Have you verified that the test suite includes tests for abs behavior, including for NaN and infinities? If not, we need to add them before merging this.

compiler/codeGen/StgCmmPrim.hs
1091

I doubt it matters, but you should be able to use <$> rather than liftM.

compiler/nativeGen/X86/CodeGen.hs
2059

Is there no way to optimize this in 32-bit mode?

3089

Why not add a function for this panic?

x@(II8) -> wrongFmt x
...
where
  wrongFmt x = panic $ "sse2NegCode: " ++ show x
bgamari edited edge metadata.Mar 3 2017, 4:34 PM

I couldn't find a test exercising floating-point abs so I added one D3273.

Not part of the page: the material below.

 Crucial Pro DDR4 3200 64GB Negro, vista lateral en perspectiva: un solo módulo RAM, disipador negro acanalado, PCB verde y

compiler/nativeGen/X86/CodeGen.hs
2059

I suspect we should use isSse2Enabled here instead of is32Bit; this would at least give us better behavior on some 32-bit platforms.

With respect to x87, it does provide a fabs instructor but I'm fine with punting on this. Pre-SSE chips are pretty rare nowadays and if someone really cares they can always submit a patch.

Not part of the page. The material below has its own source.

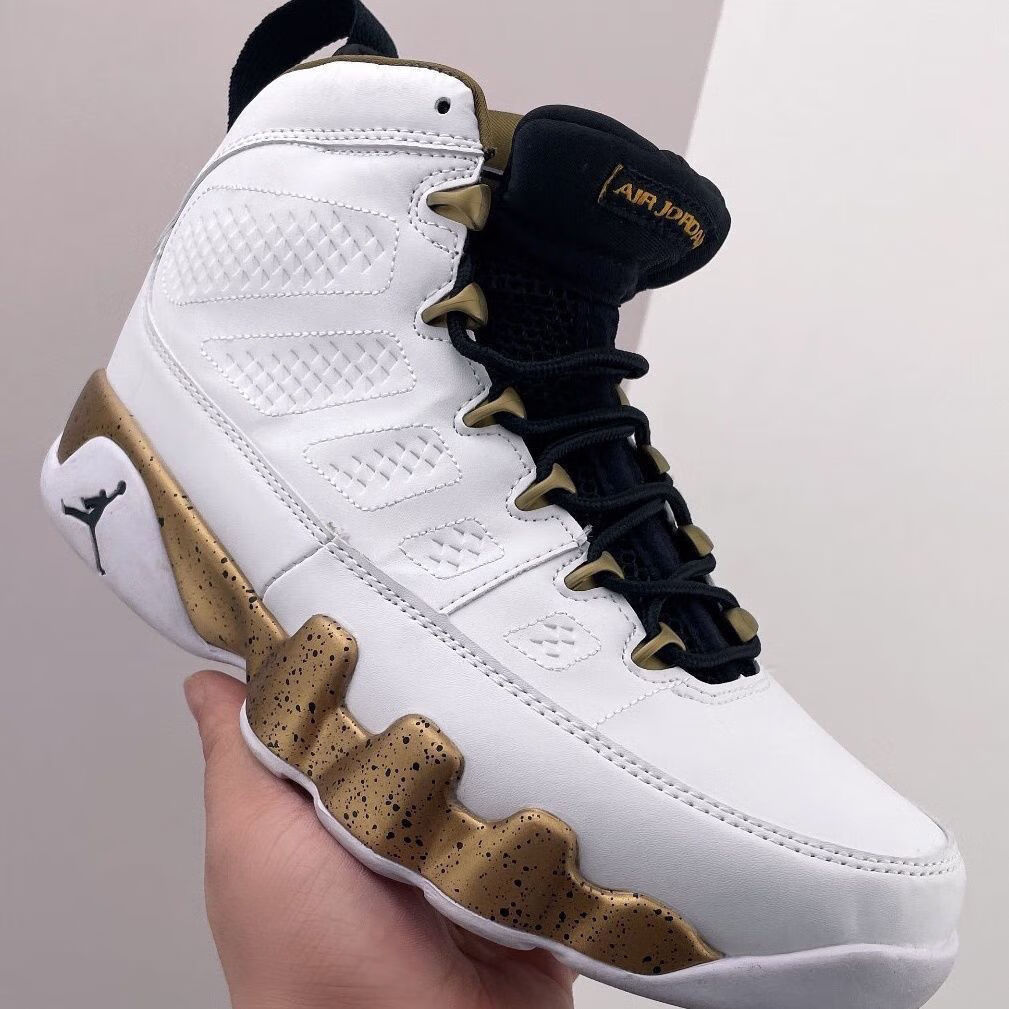 air aj9retro aj9 高帮乔9黑白白蓝耐磨防滑舒适缓震运动篮球鞋男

bgamari requested changes to this revision.Mar 3 2017, 8:08 PM

This looks great save the one inline comment.

This revision now requires changes to proceed.Mar 3 2017, 8:08 PM
idontgetoutmuch marked 4 inline comments as done.Mar 5 2017, 3:45 AM
idontgetoutmuch added inline comments.
compiler/nativeGen/X86/CodeGen.hs
2059

I think just replacing is32Bit with isSse2Enabled addresses both comments. Let me know if this is incorrect.

idontgetoutmuch edited edge metadata.

Comments addressed.

bgamari accepted this revision.Mar 6 2017, 12:35 PM
compiler/nativeGen/X86/CodeGen.hs
2059

Yes, I believe so (modulo the x87-only case).

This revision is now accepted and ready to land.Mar 6 2017, 12:35 PM
Closed by commit rGHC12ccf767af33: Generate better fp abs for X86 and llvm with default cmm otherwise (authored by Dominic Steinitz <dominic@steinitz.org>, committed by bgamari). · Explain WhyMar 7 2017, 12:32 PM
This revision was automatically updated to reflect the committed changes.
carter added a subscriber: carter.Mar 11 2017, 7:33 AM

Is it correct to say unsupported ? Seems more like it should be an impossible error for those cases. Cause you're just generating it early.

I do think for the c backend it probably makes more sense to do the abs function directly, but it probably doesn't matter too much

compiler/cmm/PprC.hs
757

Why aren't we making sure the c backend has the correct code ?

bgamari added inline comments.Mar 13 2017, 1:13 PM
compiler/cmm/PprC.hs
757

Yes, this was indeed a bug and it has been fixed in master.